YEKATERINBURG — Thousands of supporters of Prime Minister Vladimir Putin rallied Saturday to back his bid to return to the Kremlin, a week before what are likely to be far larger opposition protests to demand greater political choice.
Police said about 10,000 people gathered in Yekaterinburg, the country's fourth-largest city, with many brought on buses and trains from outlying towns in the Urals industrial belt to back Putin before the March 4 presidential vote.
Demonstrators held placards with slogans such as "We are for a stable tomorrow," swayed to pop music and enjoyed free food and drinks.
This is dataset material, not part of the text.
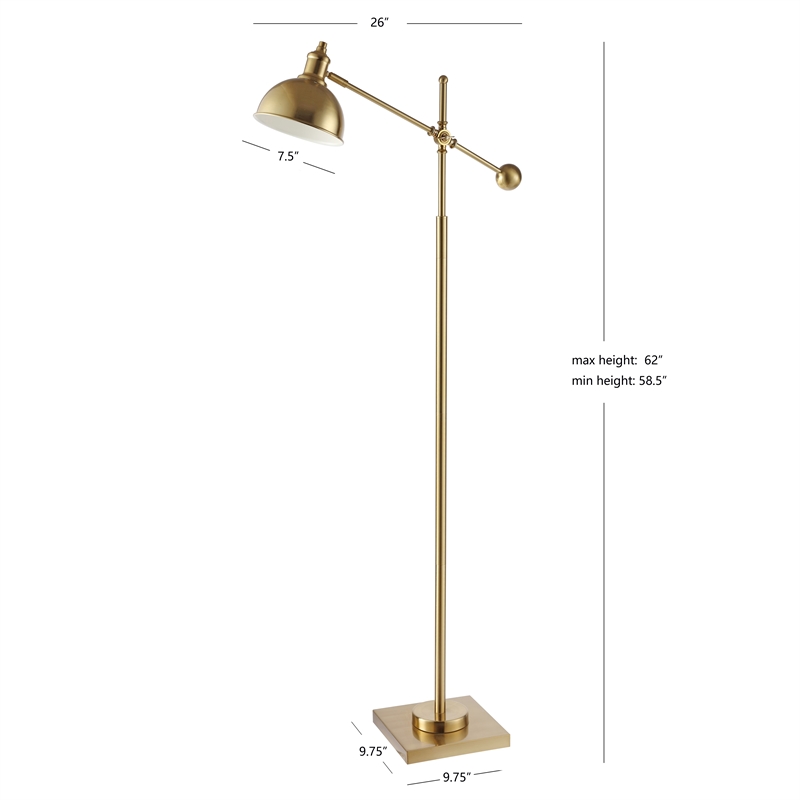 Safavieh Dagen Iron Floor Lamp in Brass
"Buses were laid on for us at the factory. We saw lists in advance of those who would go to the rally," said Andrei Mandure, a worker at a chemical plant in the town of Lesnoi, a closed facility during the Soviet era. Putin did not attend the rally.
Public-sector workers were also out in the city's railway station square. One, a 59-year-old kindergarten worker who gave her name as Yevgenia, said her boss had instructed her to attend.
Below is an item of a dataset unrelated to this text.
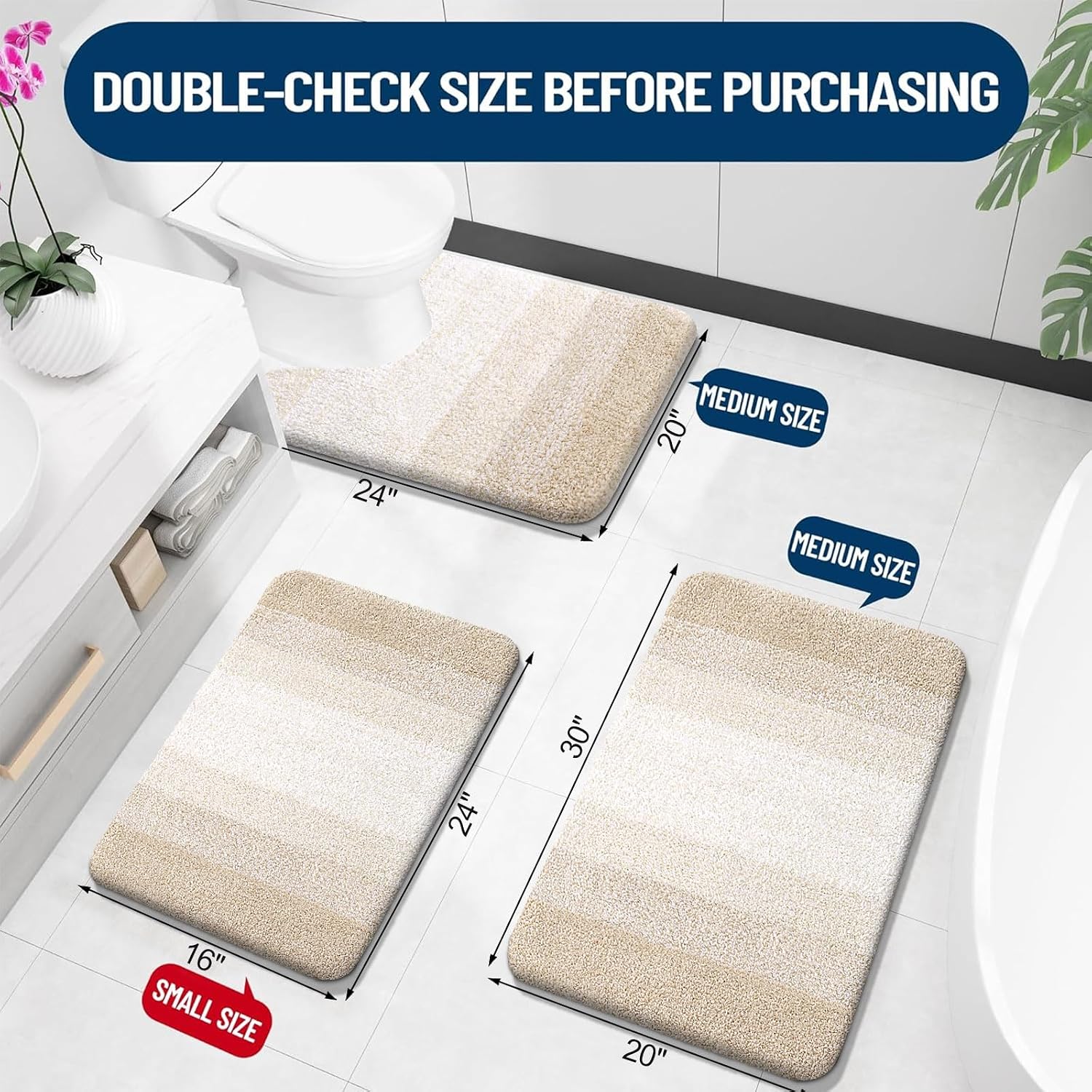 Microfiber Plush Bath Mat Set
Putin is aiming to secure a third presidential term in March. He holds a clear lead in opinion polls, with Communist Gennady Zyuganov running a distant second.
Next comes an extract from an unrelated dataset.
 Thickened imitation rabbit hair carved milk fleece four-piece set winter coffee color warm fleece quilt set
The exclusion of liberal Grigory Yavlinsky from the slate on a technicality has further angered the opposition, which says the Kremlin allowed billionaire Mikhail Prokhorov to run to capture protest votes without posing a threat to Putin.
"There are no good candidates. Yavlinsky was banned … [so] who else if not Putin?" said Sergei, a 46-year-old from Kirovgrad, when asked who he would vote for in March.
Tens of thousands of people from different parties and others, unaffiliated to any political organization, are expected to take part in a protest march in Moscow on Feb. 4 to press for fair elections, which was approved by the city's authorities.